- _What to work on_
Each line below from the line with "Lightronic Extra Durable" to the line with "WAC1217 Tag Heuer" must be copied exactly, including those two, and no picture may appear in the copy.

[Provided entries — start]

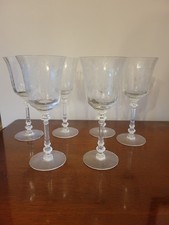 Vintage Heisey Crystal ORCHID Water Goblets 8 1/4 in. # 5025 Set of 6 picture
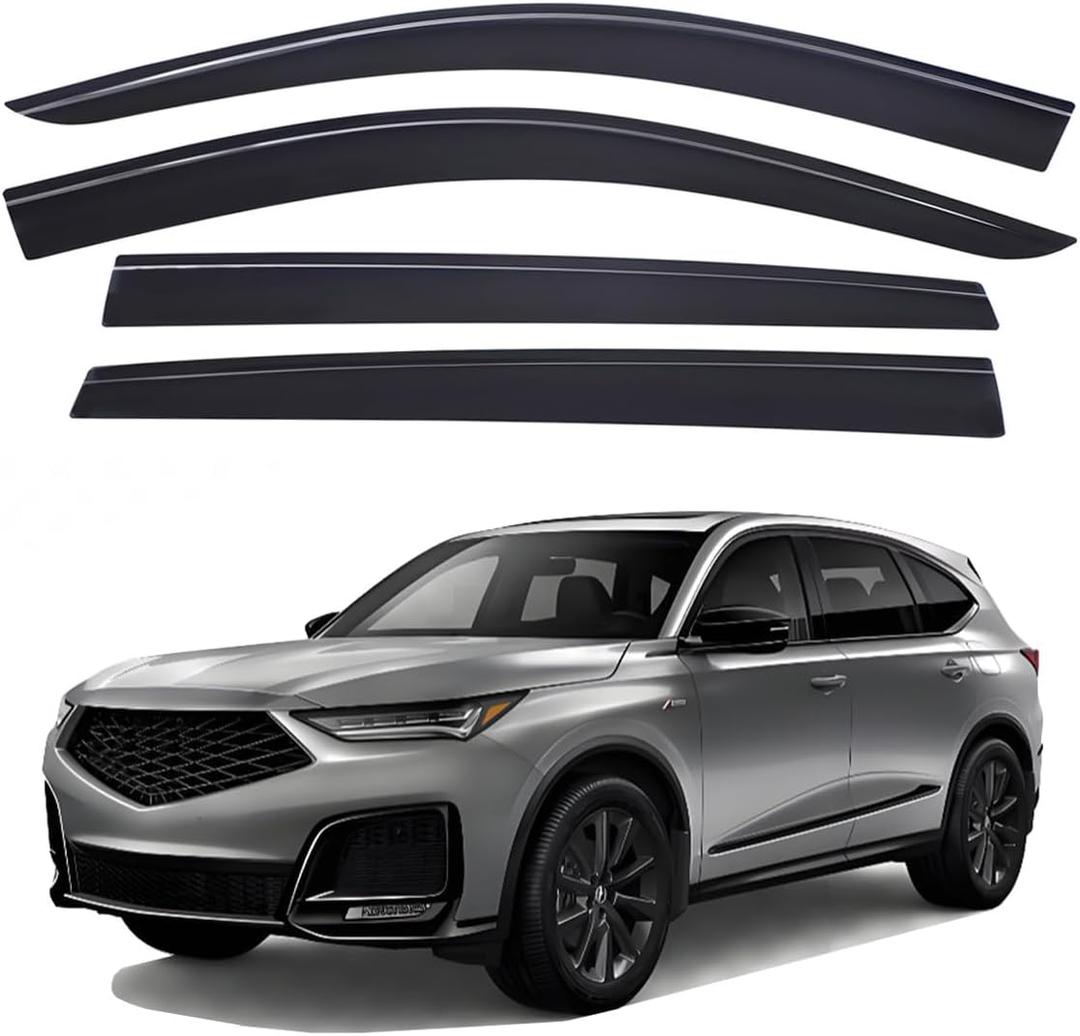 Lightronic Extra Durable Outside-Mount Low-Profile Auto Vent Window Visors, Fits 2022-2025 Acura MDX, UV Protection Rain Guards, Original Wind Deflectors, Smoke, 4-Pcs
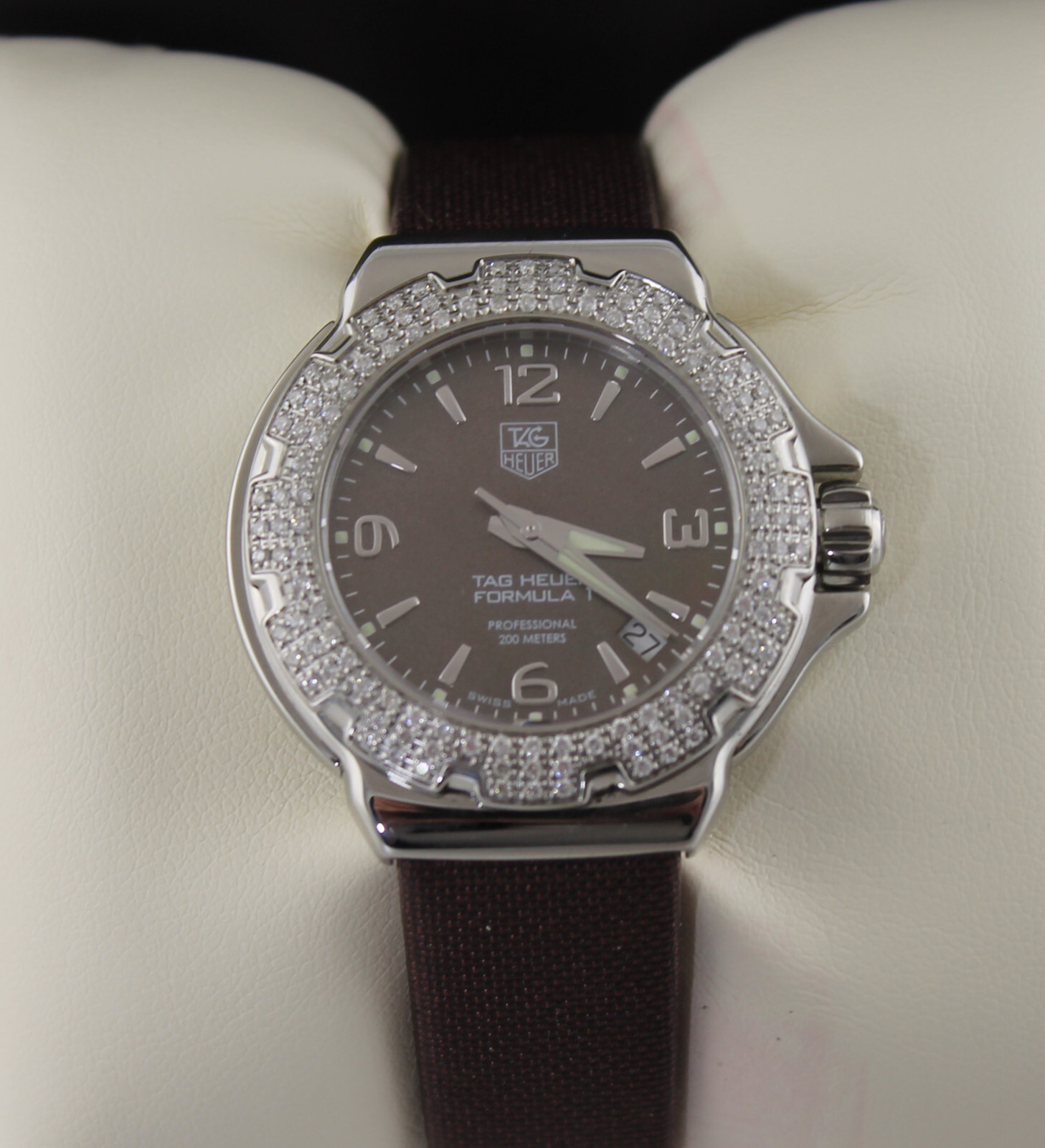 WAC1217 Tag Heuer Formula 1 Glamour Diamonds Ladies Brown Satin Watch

[Provided entries — finish]
[Provided entries — start]

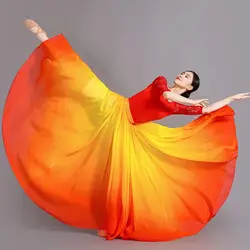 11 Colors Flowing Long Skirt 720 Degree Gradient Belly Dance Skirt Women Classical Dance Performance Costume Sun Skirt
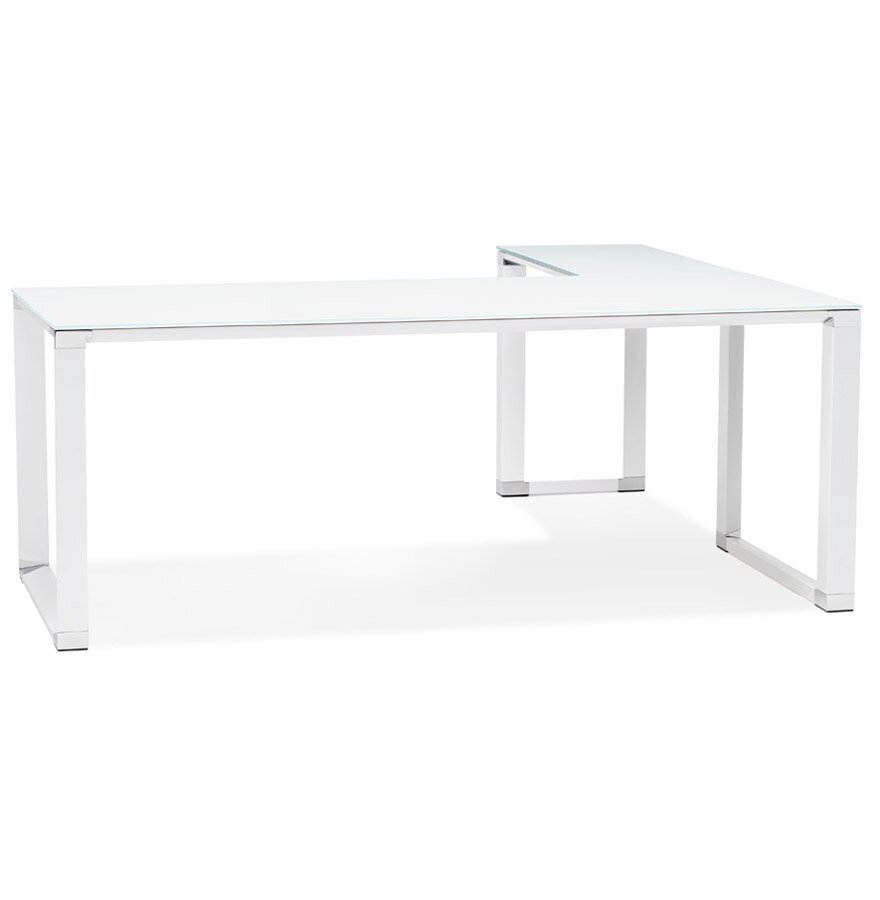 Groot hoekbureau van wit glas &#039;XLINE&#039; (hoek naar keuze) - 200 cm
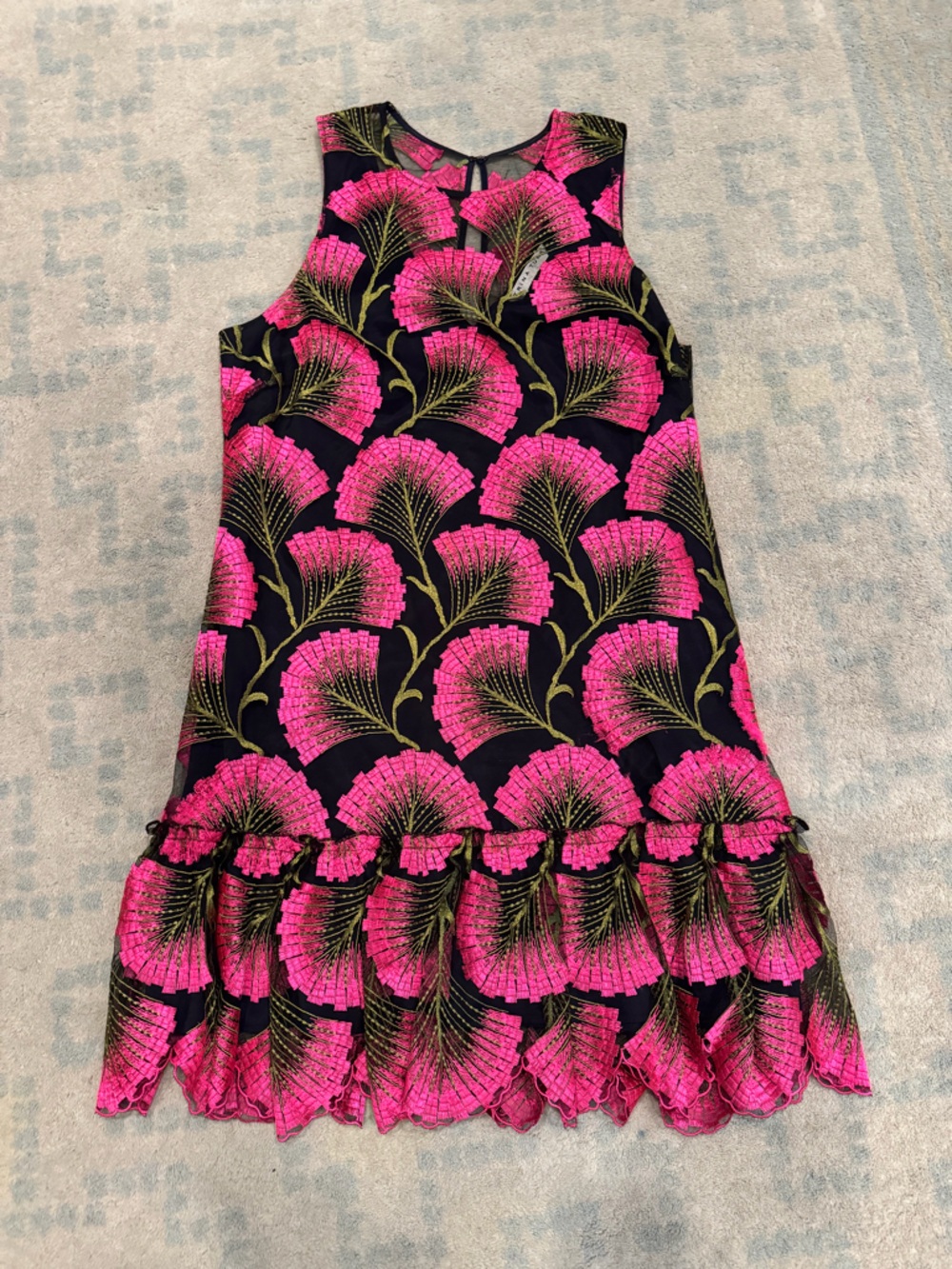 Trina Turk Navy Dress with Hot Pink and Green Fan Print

[Provided entries — finish]

- _Output for this task_
 Lightronic Extra Durable Outside-Mount Low-Profile Auto Vent Window Visors, Fits 2022-2025 Acura MDX, UV Protection Rain Guards, Original Wind Deflectors, Smoke, 4-Pcs
 WAC1217 Tag Heuer Formula 1 Glamour Diamonds Ladies Brown Satin Watch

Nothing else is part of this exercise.